AFGHANISTAN veteran Richard Salter came under fire from a judge on a new TV art show when he said he wanted his pictures to tell a story – but he survived the first round of the knock-out competition.

Sgt Salter, 35, who lives in Devizes with his wife and three children, appeared on BBC1’s The Big Painting Challenge on Sunday evening.

He said he found the time constraints of the competition daunting.

He said: “I am used to being able to have ages to plan, so to be told you have half an hour to do something was quite stressful.”

He said much of his work has been inspired by his time in Afghanistan. He said: “I was particularly moved by the children out there. You always compare them to your children at home. It pulls on my heartstrings. So I try and bring that into my work and try to tell the story.”

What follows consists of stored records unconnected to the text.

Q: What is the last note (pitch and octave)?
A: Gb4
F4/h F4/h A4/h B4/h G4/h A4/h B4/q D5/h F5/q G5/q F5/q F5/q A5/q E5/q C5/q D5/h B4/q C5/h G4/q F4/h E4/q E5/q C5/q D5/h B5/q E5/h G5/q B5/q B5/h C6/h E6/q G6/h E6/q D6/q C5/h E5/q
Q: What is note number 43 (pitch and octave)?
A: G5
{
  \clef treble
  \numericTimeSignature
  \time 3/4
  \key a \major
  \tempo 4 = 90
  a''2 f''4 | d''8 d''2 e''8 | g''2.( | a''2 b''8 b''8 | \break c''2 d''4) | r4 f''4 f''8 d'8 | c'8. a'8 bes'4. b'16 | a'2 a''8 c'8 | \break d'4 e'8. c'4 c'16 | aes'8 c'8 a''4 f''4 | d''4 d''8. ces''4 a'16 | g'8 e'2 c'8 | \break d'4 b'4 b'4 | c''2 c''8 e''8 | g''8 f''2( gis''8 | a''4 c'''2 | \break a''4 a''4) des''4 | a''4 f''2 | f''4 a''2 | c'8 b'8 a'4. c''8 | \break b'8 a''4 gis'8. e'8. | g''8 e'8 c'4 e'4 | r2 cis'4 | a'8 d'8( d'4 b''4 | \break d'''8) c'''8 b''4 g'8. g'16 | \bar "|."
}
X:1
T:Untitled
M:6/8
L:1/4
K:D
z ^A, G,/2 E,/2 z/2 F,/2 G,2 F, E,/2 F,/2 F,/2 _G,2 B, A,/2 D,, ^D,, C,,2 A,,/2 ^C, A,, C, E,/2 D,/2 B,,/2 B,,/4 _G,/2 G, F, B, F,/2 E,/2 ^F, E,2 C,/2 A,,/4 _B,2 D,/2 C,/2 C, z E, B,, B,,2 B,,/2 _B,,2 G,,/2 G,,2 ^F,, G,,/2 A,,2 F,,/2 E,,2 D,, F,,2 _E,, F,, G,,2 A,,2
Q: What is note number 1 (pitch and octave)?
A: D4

But in Sunday night’s show judge Lachlan Goudie was not impressed with Mr Salter’s landscape painting of a castle with a river in front and told him to forget the story and concentrate on the painting.

Sgt Salter, who serves in the Royal Signals in Corsham, said the Army had backed him taking part but he was expecting plenty of stick from his mates.

He said: “I have received loads of messages on Facebook full of banter.”

But his wife Vicky and children Libby, 11, Ethan, 13, and Corrie, 17, have been very supportive. The family went to Gallery 21 in Salisbury, where his work is sold, on Sunday evening for a party and to watch the show.

Sgt Salter said: “The children knew I had been away filming but they didn’t know how I got on.”

The show, which runs for six weeks and is presented by Richard Bacon and Una Stubbs, will see the contestants face elimination by judges Daphne Todd and Lachlan Goudie each week.

The winner will be rewarded with a two-week display of their work at Tate Britain in London.

Sgt Salter, hopes to paint professionally when he leaves the army in four years.